### Your assignment
Use the entries below and reproduce exactly the lines from the one containing "Motorcylce Water Pump" down to the one containing "BMW 4er Gebrauchtwagen", both of them included.

### Entries shown
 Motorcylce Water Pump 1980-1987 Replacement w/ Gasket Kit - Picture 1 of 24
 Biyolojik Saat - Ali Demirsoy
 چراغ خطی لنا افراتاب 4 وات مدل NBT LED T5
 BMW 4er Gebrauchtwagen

* * *

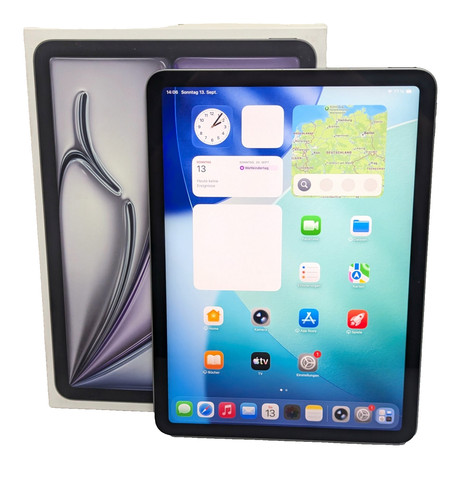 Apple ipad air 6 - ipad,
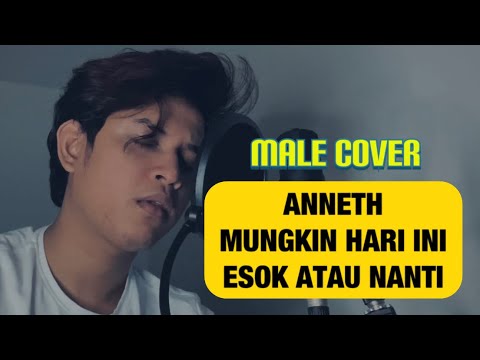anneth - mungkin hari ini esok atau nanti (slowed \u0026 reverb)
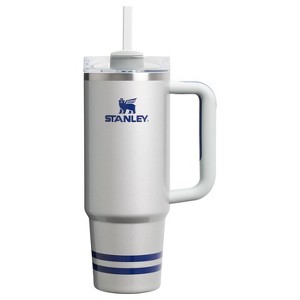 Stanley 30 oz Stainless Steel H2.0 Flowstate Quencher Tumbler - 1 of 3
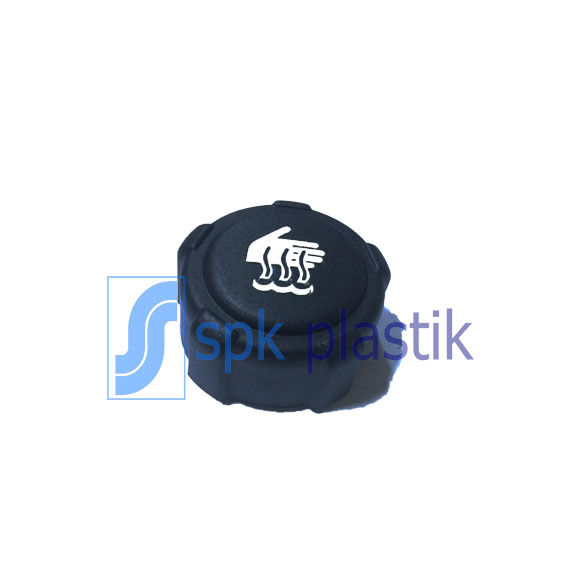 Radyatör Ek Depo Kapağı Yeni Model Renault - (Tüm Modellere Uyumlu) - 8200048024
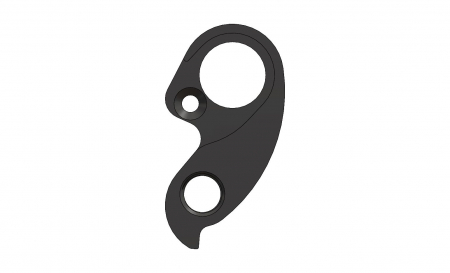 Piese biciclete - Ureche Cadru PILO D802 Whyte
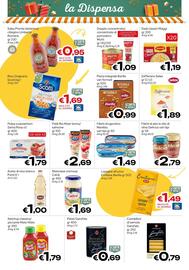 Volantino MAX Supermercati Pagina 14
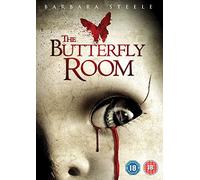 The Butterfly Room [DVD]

### Solution for this task
 Motorcylce Water Pump 1980-1987 Replacement w/ Gasket Kit - Picture 1 of 24
 Biyolojik Saat - Ali Demirsoy
 چراغ خطی لنا افراتاب 4 وات مدل NBT LED T5
 BMW 4er Gebrauchtwagen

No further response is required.